_YOUR INSTRUCTIONS_
From the entries below, transcribe exactly the lines between the line holding "You can start" and the line holding "For the structure", inclusive; skip all other lines.

_DATASET EXCERPTS_
*** Begin section ***

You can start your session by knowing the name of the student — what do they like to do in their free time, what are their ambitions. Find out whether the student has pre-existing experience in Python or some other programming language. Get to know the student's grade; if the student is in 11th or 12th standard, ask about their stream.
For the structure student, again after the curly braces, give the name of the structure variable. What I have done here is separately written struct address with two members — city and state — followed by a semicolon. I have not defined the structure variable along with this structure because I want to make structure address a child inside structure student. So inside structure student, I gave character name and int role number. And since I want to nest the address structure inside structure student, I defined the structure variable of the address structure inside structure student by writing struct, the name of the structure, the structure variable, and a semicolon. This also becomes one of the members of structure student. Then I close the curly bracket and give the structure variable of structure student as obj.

*** End section ***
*** Begin section ***

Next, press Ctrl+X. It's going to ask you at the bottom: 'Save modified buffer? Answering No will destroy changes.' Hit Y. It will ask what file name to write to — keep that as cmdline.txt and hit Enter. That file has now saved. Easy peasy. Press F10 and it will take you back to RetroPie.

*** End section ***

_ANSWER TO THE EXERCISE_
You can start your session by knowing the name of the student — what do they like to do in their free time, what are their ambitions. Find out whether the student has pre-existing experience in Python or some other programming language. Get to know the student's grade; if the student is in 11th or 12th standard, ask about their stream.
For the structure student, again after the curly braces, give the name of the structure variable. What I have done here is separately written struct address with two members — city and state — followed by a semicolon. I have not defined the structure variable along with this structure because I want to make structure address a child inside structure student. So inside structure student, I gave character name and int role number. And since I want to nest the address structure inside structure student, I defined the structure variable of the address structure inside structure student by writing struct, the name of the structure, the structure variable, and a semicolon. This also becomes one of the members of structure student. Then I close the curly bracket and give the structure variable of structure student as obj.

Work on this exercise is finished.